Southern California Symposium Final Project
Team 3: Educational Equity
Rachel Barbosa, City of South El Monte
Hilda Marella Delgado, Maria Elena Durazo for State Senate
Melody Winter Head, Federal Reserve Bank of San Francisco
John Bwarie, Stratiscope
The 2018 Symposium cohort is composed of 26 visionary leaders from a range of industries across public, private, and nonprofit organizations.
About the Southern California Symposium:
Even for a place well-practiced at reinvention, Southern California faces an uncertain future. The climate and the demography have shifted. A deep transformation has reshaped the economy. The landscape itself is in flux as we reimagine where we live and how we move.
The USC Price Center for Social Innovation’s executive education program—the Southern California Symposium— challenges local leaders to think deeply and collaboratively about the region’s future and to develop long-term solutions. The Symposium is emerging as an important venue for deliberation and innovation, its alumni serving as an interconnected and diverse cohort of change makers.
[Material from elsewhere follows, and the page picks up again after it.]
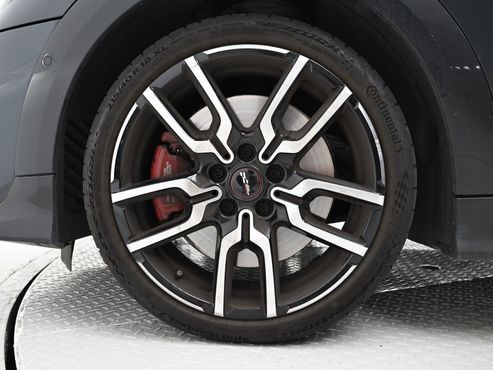 Mini Cooper JCW — пробег 10 362 км — фото 5 из 5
The participants, 20-25 in all each year, are selected from public service, politics, business, the arts, philanthropy and NGOs to represent a variety of interests, geographies, talents and experiences. Students bring issues they grapple with in their civic and professional lives to the Symposium and collaborate in the search for solutions. Upon successful completion of the program, students receive an Executive Education Certificate in Social Innovation from USC.
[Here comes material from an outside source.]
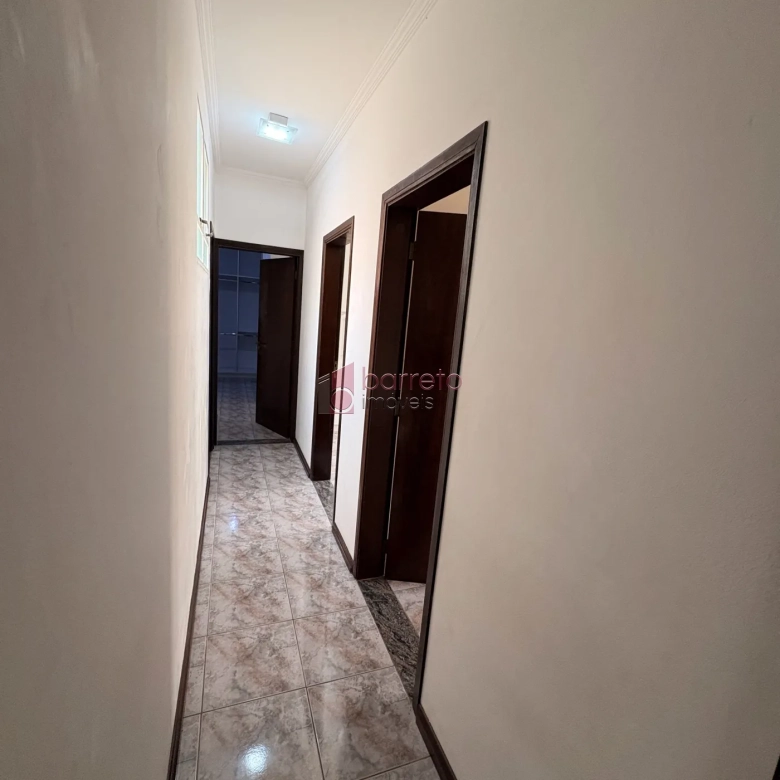 CASA PARA LOCAÇÃO NA VILA GRAFF – JUNDIAÍ/SP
The Symposium meets for four weekend sessions from February to May, midday Friday through Saturday afternoon. Each session features interaction with a nationally recognized NGO leader or advocate. There are intimate exchanges with panels of local policy makers, and learning sessions with prominent scholars on housing, transportation, economic development and health care. In addition, students participate in an extended scenario-building exercise led by Spitfire Strategies. They learn social innovation strategies from top practitioners and receive communications coaching from The Goodman Center.
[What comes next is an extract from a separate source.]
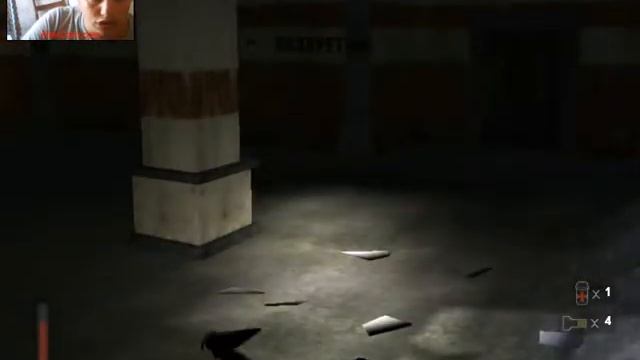 The Suffering ПРОХОЖДЕНИЕ 1 настолгический перевод смотреть онлайн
Between sessions, students’ engagement and learning continues online. Working in small groups, students undertake case studies with hands-on instruction by USC faculty. Presentations on those projects, which take on specific policy challenges, are featured at a fifth session, an evening event in early June that completes the program.
The Southern California Symposium emphasizes a search for solutions that draw together the public, private and NGO sectors and that aim for scalability and sustainability through social innovation and social entrepreneurship. At the heart of our approach is a conviction that transformational change should benefit society at large, rather than individual segments or individuals, and that such change occurs by challenging assumptions, equilibria and structures that are too often taken for granted.